Ohio’s proposed constitutional amendment seeks significant new financial inputs, which would be borne by Ohio’s taxpayers--many of them citizens dependent on the state for financial support (the poor and elderly), without offering any hint as to how success for these new inputs can be measured. The only benchmark the amendment’s proponents offer is the term “high quality public education,” which is nebulously defined as “collectively, all educational components, programs and services necessary to prepare each Public School Pupil to carry out the duties of citizenship and function at the highest level of his or her abilities in post-high school education programs or gainful employment.” What’s more, the amendment would make this “high quality” education a fundamental constitutional right in Ohio, opening the door to a slew of lawsuits and ultimately leaving it to the state’s High Court to decide if the “high quality public education” standard has been met (a difficult enough task with the current “thorough and efficient” definition--and sure to be almost impossible under the proposed amendment's language).

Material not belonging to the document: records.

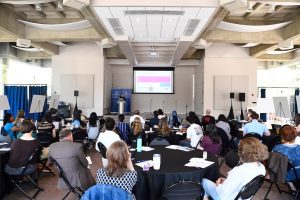 Attendees listen to a speaker in the Glass Pavilion.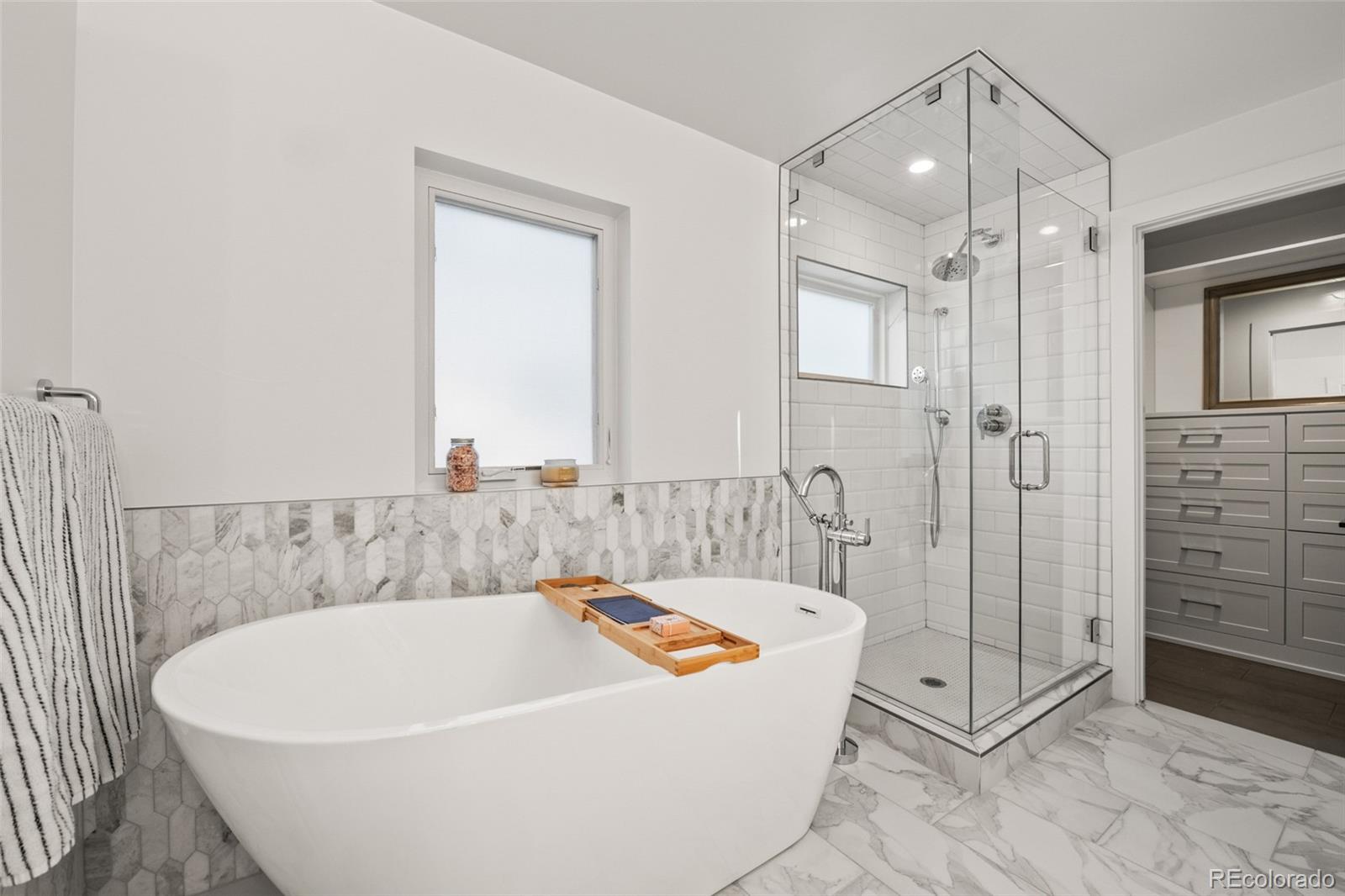 3612 Vallejo Street Denver, CO 80211 - Photo 21 of 50 a white bath tub sitting next to a shower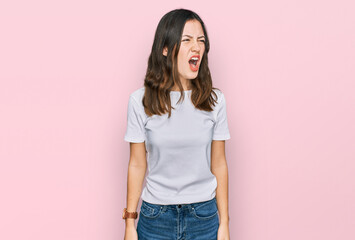 Young beautiful woman wearing casual white t shirt angry and mad screaming frustrated and furious, shouting with anger. rage and aggressive concept.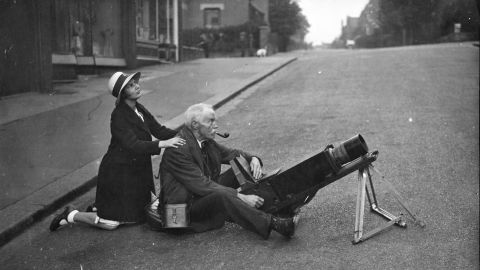 Amateur astronomers and spectators got up early to witness and photograph a total eclipse of the sun in London in 1936.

The amendment, if successful, would also empower the State Board of Education and an appointed education funding committee to decide ultimately how much Ohio’s K-12 education program should cost. And if lawmakers fail to agree to the price tag, they could face action by the Ohio Supreme Court, whose role would shift from interpreter of state statutes and the constitution--to enforcer of State Board policy (see here and here). Thus the proposed amendment would, in large part, circumvent the legislative process and give a blank check to the State Board (and by proxy, an unelected committee)--with no guarantee that state dollars will be well spent or result in greater academic achievement.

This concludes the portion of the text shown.